From what I found in old handbooks (60's and before, when LF was more
'fashionable' for the commercials) the radiation pattern of a short
vertical is independent of its length (height). Any any antenna less than
10% of the wavelength is consired 'short' (so even the 7S6SAJ guys were
using an electrical short antenna). A short vertical above a perfect ground
has a gain of 4.8dBi, again independent of the antennalength.

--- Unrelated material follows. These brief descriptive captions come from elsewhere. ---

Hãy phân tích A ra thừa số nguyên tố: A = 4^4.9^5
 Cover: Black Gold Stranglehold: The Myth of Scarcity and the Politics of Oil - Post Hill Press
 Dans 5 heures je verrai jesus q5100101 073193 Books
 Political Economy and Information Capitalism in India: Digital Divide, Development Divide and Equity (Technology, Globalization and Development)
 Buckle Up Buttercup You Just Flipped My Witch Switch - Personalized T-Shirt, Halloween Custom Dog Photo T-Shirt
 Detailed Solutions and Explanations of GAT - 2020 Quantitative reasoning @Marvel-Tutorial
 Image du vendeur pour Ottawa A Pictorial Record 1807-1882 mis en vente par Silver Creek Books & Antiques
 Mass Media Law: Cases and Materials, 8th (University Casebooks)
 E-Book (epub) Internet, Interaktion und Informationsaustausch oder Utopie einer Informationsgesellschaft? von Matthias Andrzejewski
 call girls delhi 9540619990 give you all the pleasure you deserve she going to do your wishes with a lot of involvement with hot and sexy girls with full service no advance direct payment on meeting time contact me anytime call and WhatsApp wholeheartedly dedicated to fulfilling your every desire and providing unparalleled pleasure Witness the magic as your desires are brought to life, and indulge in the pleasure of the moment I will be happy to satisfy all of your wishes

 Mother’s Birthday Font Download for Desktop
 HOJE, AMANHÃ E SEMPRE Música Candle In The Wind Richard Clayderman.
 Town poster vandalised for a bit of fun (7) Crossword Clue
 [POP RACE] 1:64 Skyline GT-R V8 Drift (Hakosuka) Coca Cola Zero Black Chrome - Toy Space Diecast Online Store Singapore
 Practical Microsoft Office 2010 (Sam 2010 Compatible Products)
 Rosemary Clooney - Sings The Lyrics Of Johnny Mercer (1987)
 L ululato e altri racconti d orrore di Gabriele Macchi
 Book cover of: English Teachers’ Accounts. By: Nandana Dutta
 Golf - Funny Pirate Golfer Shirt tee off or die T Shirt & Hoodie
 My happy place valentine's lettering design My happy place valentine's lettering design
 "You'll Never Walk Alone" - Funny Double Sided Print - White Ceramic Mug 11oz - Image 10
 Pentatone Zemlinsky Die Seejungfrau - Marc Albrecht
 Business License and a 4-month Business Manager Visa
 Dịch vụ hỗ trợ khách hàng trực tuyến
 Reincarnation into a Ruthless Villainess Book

Regarding the groundresistance the rules was : the lesser the better. No
only for the sake of antenna effeciency but also to avoid radiation at
higher angles. This 'high angle radiation' was for the commercials, who
were only interested in surface wave propagation (stable 24h/day, 365
days/year) not only pure waste but also a source of possible interference
(via ionospheric wave).
But if we want to make 'DX-QSOs' with 1 Watt ERP we defenitely need
ionospheric wave propagation, so producing some higher angle radiation
might be usefull.
So far I have not found too much information about ionospheric propagation
on LF in literature (except for how to avoid it). It would be interesting
to find out what radiation angle is optimal, if the angle is too low then
the signal will bend around the earth (surface wave) and won't 'escape'
into the ionosphere, if the angle is too high then the 'hops' will be
short. Maybe the interesting contributions of OH2LX can help us with that
One remark regarding antenna length :
Despite the fact that radiation pattern and antenna gain are independent of
the lenght a longer antenna has still a big advantage : a higher radiation
resistance. Doubling the length of a short vertical antenna will quadruple
the radiation resistance, this is a 6dB 'gain' due to a better ratio of
radiation resistance versus loss resistance (assuming that the losses are
much higher that the radiation resistance). But you can get exactly the
same effect by quadrupling the TX-power, so in theory you can reach the 1
Watt ERP limit with any antenna if you use adequate power. And, despite
what some try to make us to believe, you cannot hear the difference between
1 Watt ERP from a big antenna with low power or a small antenna with high
power. Of course with a big antenna and high power the 1 Watt ERP limit can
be exceeded significantly, but that is against the legal limitations and I
am sure a real ham will not do that.
As far as I know the only station that got a special permit to run higher
ERP is 7S6SAJ. Congrats to Chister and Co. for the '1kW experiment', they
got a lot interest from all over Europe. Let's hope that this will result
in some more countries becoming active on 136kHz.